Our second reading teaches how to crusade for the Power of Weakness Sunday. Paul of Tarsus is qualified to advise us, on the basis of his personal experiences: because he suffered danger at sea, danger on land, persecution from fellow Jews, risk of robbery, etc (2 Corinthians 11:26). So, when Paul talks of the non-importance of circumcision and uncircumcision, but a new creation, it was borne out of person experiences and not simply from imagination. It is the person who suffers from insecurity who knows the power of weakness. Hence, the Power of Weakness Sunday summarizes the life and message of Paul in our second reading today and proves that that is a possibility for every authentic Christian. What Christ did is also doable in the life of a Christian. Paul, the persecutor of Christians, became a persecuted Christian. What he considered strength and power, he now considers as mere rubbish. In fact, here are his words, according to our second reading: “may I never boast except in the cross of our Lord Jesus Christ, through which the world has been crucified to me, and I to the world” (Gal 6:). This is a total and 360 degrees transformation. This same transformation is the only way out of our contemporary disunity, and the only true recipe for a viable cosmopolitan unity, peace and happiness.

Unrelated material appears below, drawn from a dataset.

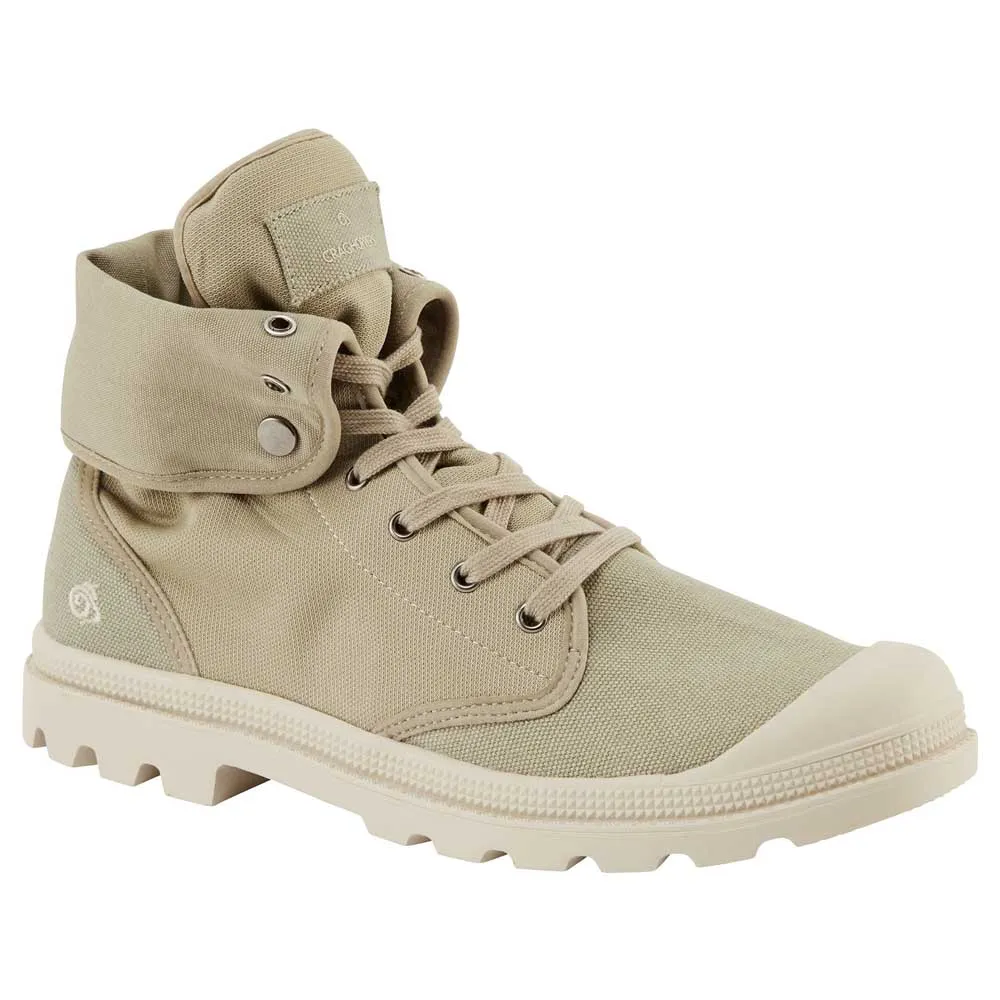 Craghoppers Botas de caminhada Mono Hi 2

As we start a new week, it is worth the while to be agents of self and human transformation towards the acceptance of the Power of Weakness for the sake of peace and unity. To do this, moral uprightness and love of vulnerability are helpful tips to consider. Just consider the futility of the multiplication of gun and bomb violence, without humanity being better for it! Think about the division engendered by World Wars, religious genocides, and the decimation of our common humanity that continues today. Indeed, if it is true that the instinct of self-preservation is highest in every human being, the Christian version is the instinct for seeking love and peace. Consequently, it’s high time we revealed that core of our humanity – our vulnerability as seekers of love and peace; only moral reform will lead us there, not violence but love of all!
 Assignment for the Week:
Think of a way to preserve a human life this week.